The Ex-Im Bank is ready to help manufacturers in the United States seize this important moment. As a backstop to the financial sector, the Ex-Im Bank is there to step in when needed to ensure that a lack of financing won’t stand in the way of closing a sale.

For small businesses, this support is often essential. The Ex-Im Bank in 2013 served more American small exporters than ever before. It also had all-time highs in lending to women and minority-owned businesses.

Thanks to exports, manufacturers—particularly small and medium-sized enterprises—are producing great results as well. BTE Technologies almost doubled the size of its workforce as it expanded into markets abroad. Today, the Maryland maker of physical therapy and sports medicine equipment exports to 40 countries.

Ellicott Dredges, a 125-year-old manufacturer of dredging equipment, sends its products to markets in Asia, Latin America and Africa with the assistance of financing facilitated by the Ex-Im Bank.

Air Tractor is another Ex-Im Bank success story.

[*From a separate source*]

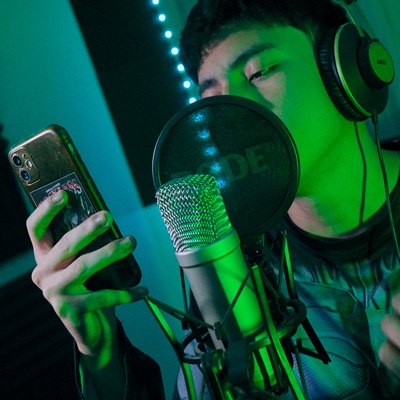 Live Session #17 - Single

This manufacturer of agricultural and forest-firefighting aircraft for use in Brazil and Argentina has utilized Ex-Im programs to generate substantial growth in exports and sustain jobs in a small town in Texas.

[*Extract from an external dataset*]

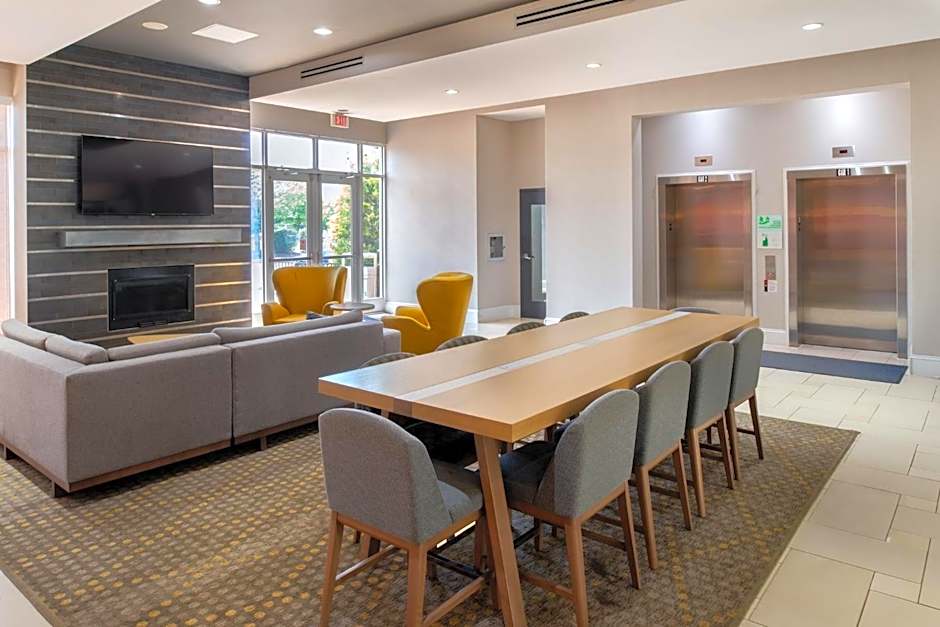 Holiday Inn Rock Hill By IHG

And manufacturers are poised for continued export growth. Demand for advanced goods and services in the developing world is exploding to meet the needs of a middle class that is growing by approximately 200 million consumers a year. 

Their need for infrastructure—electricity, clean water, highways, railroads, airports and more—is especially strong. Infrastructure will require nearly $60 trillion of investment just to keep up with GDP growth, according to the McKinsey Global Institute.

It’s a once-in-a-generation opportunity for American companies and their workers. In fact, the Ex-Im Bank supported more global infrastructure projects in the past three years than in the previous 17 years combined.

But we’re not the only country fighting to get a slice of this $60 trillion pie.

Every nation is in a race to create jobs through increased exports. Fifty-nine other export credit agencies around the world are trying to increase their countries’ share of the global market. That makes for a brutally competitive landscape.

There is no reason why those roads, bridges, rivets and ball bearings should not be made in America. The heavy equipment used to build roads and bridges can be exported from right here. We produce the world’s highest-quality goods and services, but that may not be enough when U.S. companies are up against government-owned and government-subsidized competitors.

Indeed, our manufacturers are not just competing against other privately-owned companies—we must go head to head with foreign governments ready to do whatever it takes to close a deal for their national champions.  

So far, America is holding our own. We now export $2.2 trillion of U.S.-made goods and services—that’s 14 percent of our GDP—both all-time highs. 

But the competition is unrelenting and always looking to increase its share of export markets at our expense. We have to continue to take every opportunity to out-innovate and out-produce the rest of the world. And the Ex-Im Bank is there to help level the playing field and make sure each company gets a fair shot.

Hochberg is the chairman and president of the Export-Import Bank of the United States. Timmons is the president and CEO of the National Association of Manufacturers.